The fired properties of the four clays are shown graphically in Figures 11 to 15. The relation of the various properties is much more obvious in the graphic representation than it is in Table 11. The curves for the shrinkage characteristics are plotted in reverse in order to facilitate comparison with absorption and porosity. It will be noted that the general trends of all fired properties of each clay are comparable, showing that they are in fact interrelated properties. In Figure 15 the apparent porosity percentages of all four clays are shown graphically. The apparent porosity was chosen from the various fired characteristics because it is calculated from both the absorption and the volume shrinkage and therefore is representative of all the fired properties of each clay. It will be noted that clays EL-69-2, O-5-6, and O-38-4 are very similar, and that EL-60-6 is in a class by itself.
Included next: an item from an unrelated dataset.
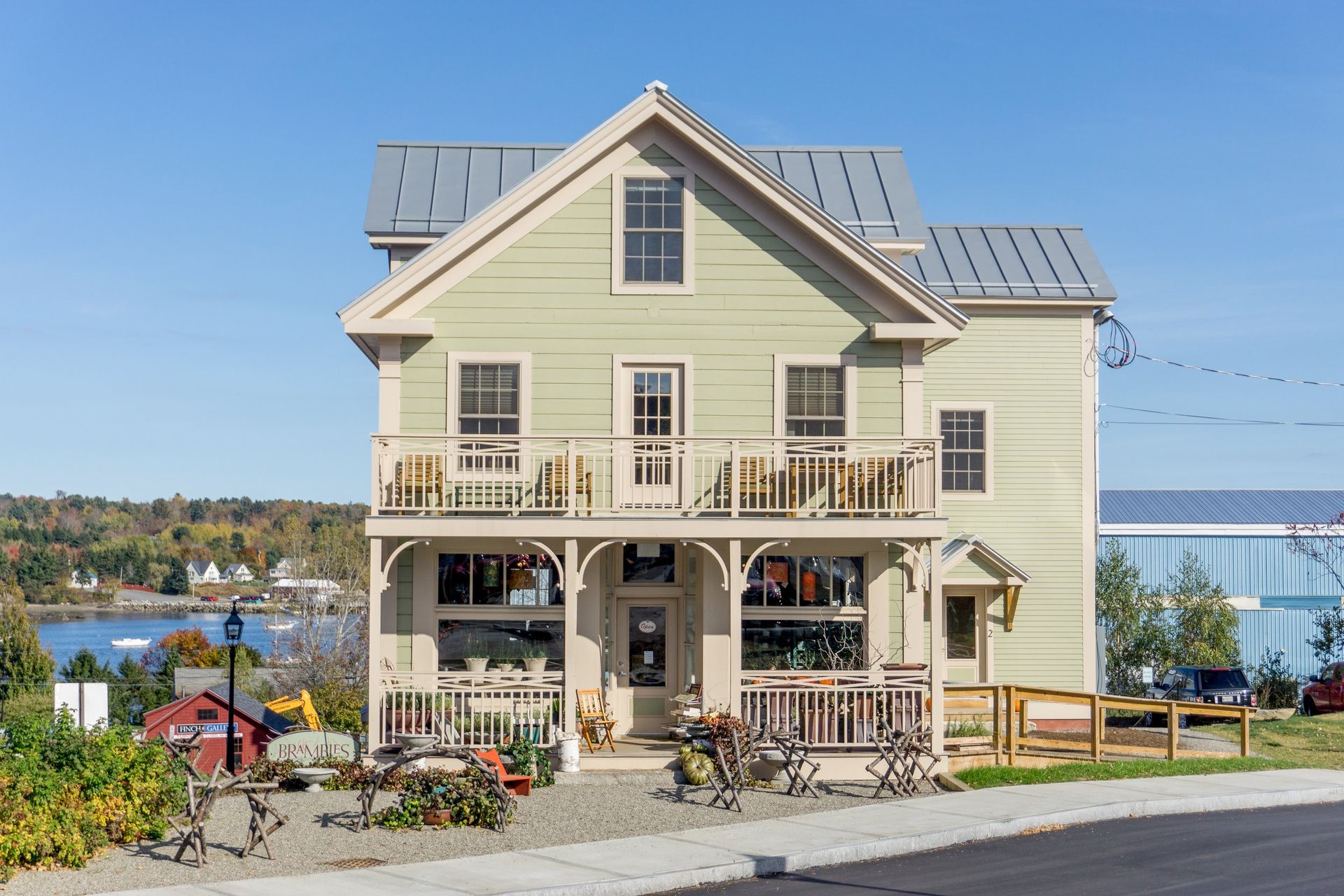 A large green house with a balcony and a fence in front of it.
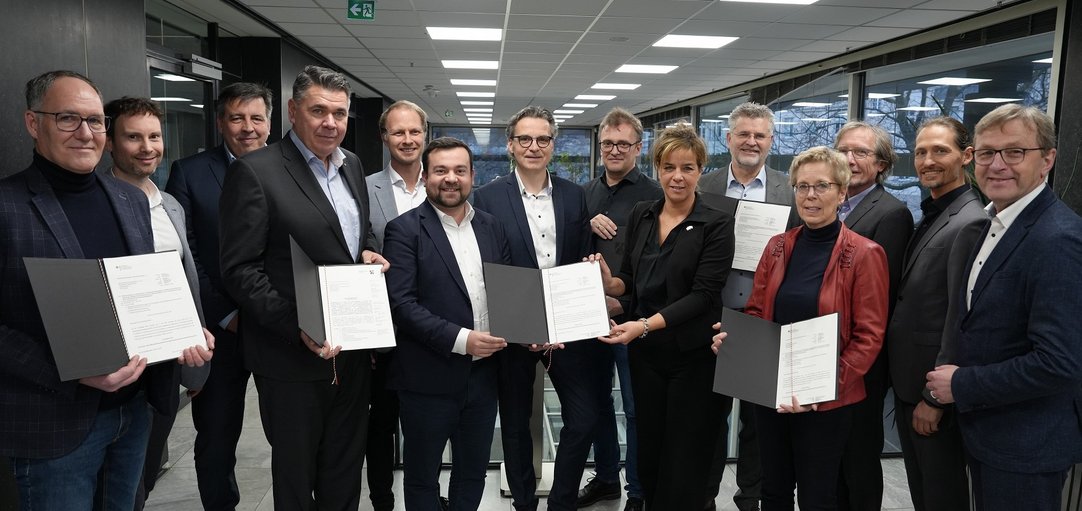 Das Bild zeigt eine Gruppe von Menschen, die einen Förderbescheid von Ministerin Mona Neubaur in Emofang nimmt,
This difference is apparent in all the work that was done on these four clays.
Fig. 11--Graph showing changes in fired properties with increasing temperature for clay EL-60-6.
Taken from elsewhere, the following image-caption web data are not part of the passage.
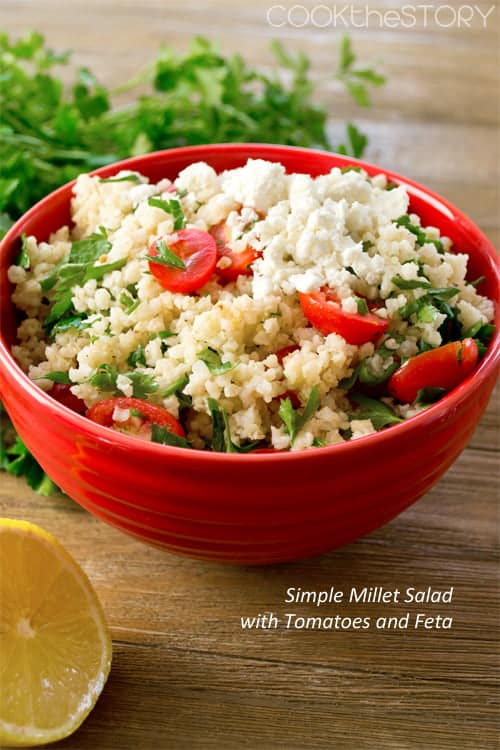 Millet Salad with Tomatoes and Feta in a red bowl. Text reads Simple Millet Salad with Tomatoes and Feta.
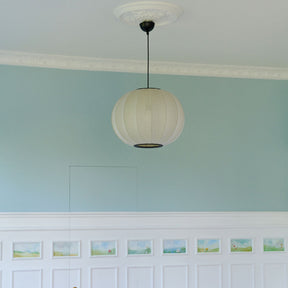 Made by Hand Knit Wit Pendant Pearl in Room with Robins Egg Blue Walls and Hand Painted Mini Murals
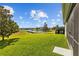 Enjoy a beautiful backyard view featuring a lush green lawn and a tranquil pond in the distance at 19309 Prairie Tree Pl, Tampa, FL 33647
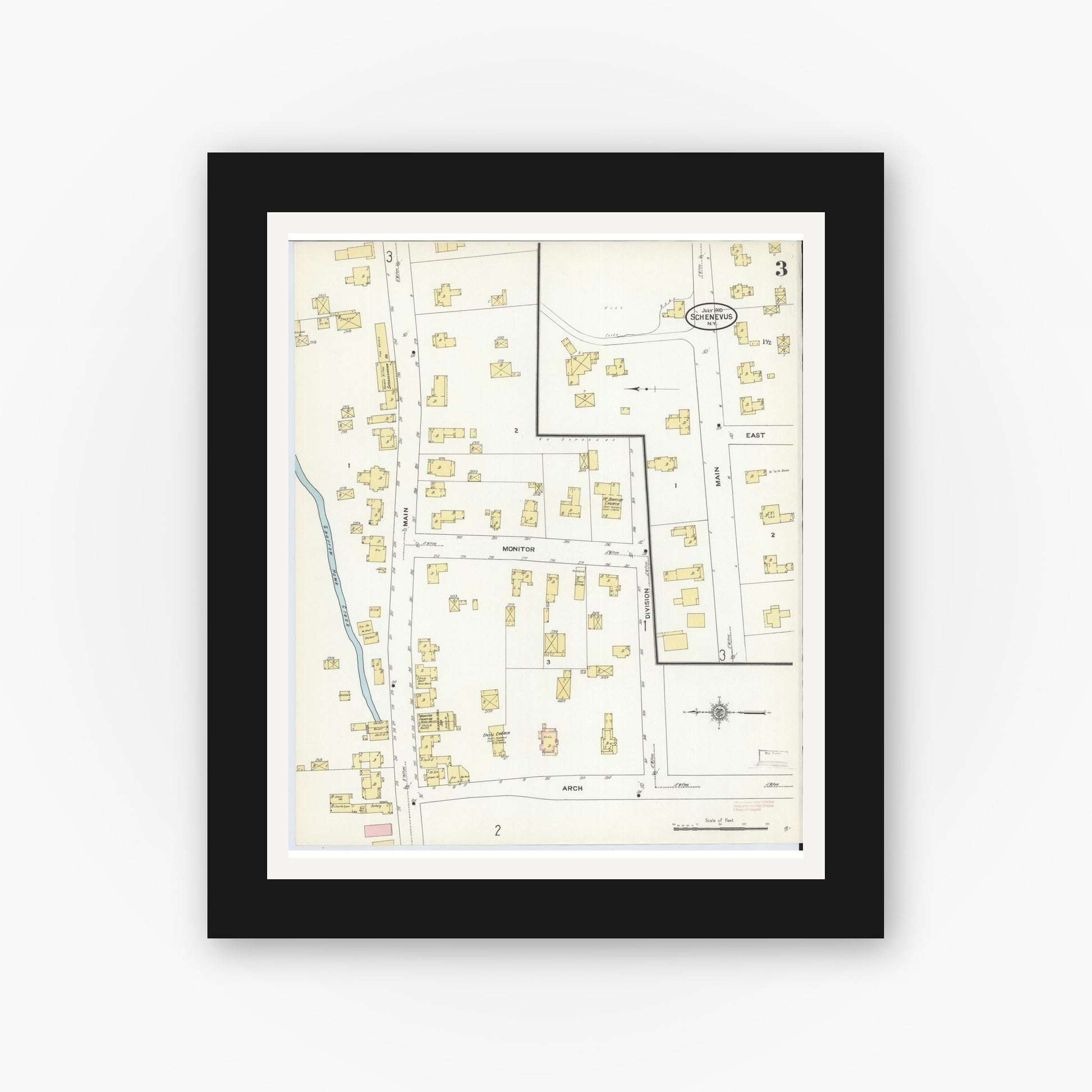 Old map wall art mockup — black gallery frame with white mat — Sanborn Fire Insurance Map from Schenevus, Otsego County, New York (1910), Sheet #0003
Fig. 12--Graph showing changes in fired properties with increasing temperature for clay EL-69-2.
Fig. 13--Graph showing changes in fired properties with increasing temperature for clay O-5-6.
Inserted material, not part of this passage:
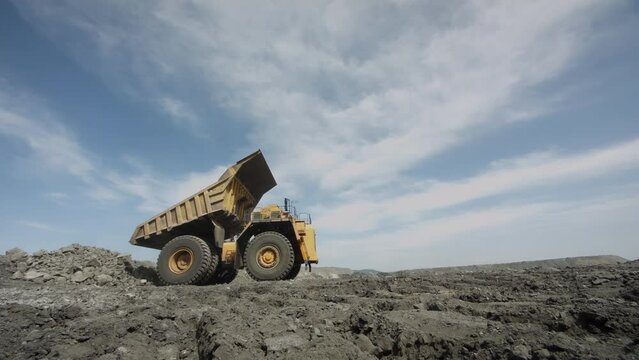 Multi-ton dump truck folds its body and leaves after unloading waste rock. Element of coal mining process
Fig. 14--Graph showing changes in fired properties with increasing temperature for clay O-38-4.
Fig. 15--Graph showing changes in porosity with increasing temperature for the four clays.
The ceramic test data on clays EL-69-2 and O-38-4 indicate a fairly uniform change in fired properties with increasing temperature up to cone 8. At this temperature clay O-38-4 is almost completely vitrified and clay EL-69-2 is nearly vitrified. At cone 10 the data on both of these clays indicate slight overfiring whereas clay O-5-6 is approaching vitrification at that temperature but is not overfired. The data for clay EL-60-6 produce a quite different pattern (Fig. 11) with only slight differences in fired properties at the temperatures shown. Clay EL-60-6 was fired to cone 16 (about 1450° C.) although the others were fired no higher than cone 10. At cone 16 the EL-60-6 test bars expanded slightly, but were slightly less porous than they were at cone 10, indicating that a decided decrease in porosity would be attained at a considerably higher temperature.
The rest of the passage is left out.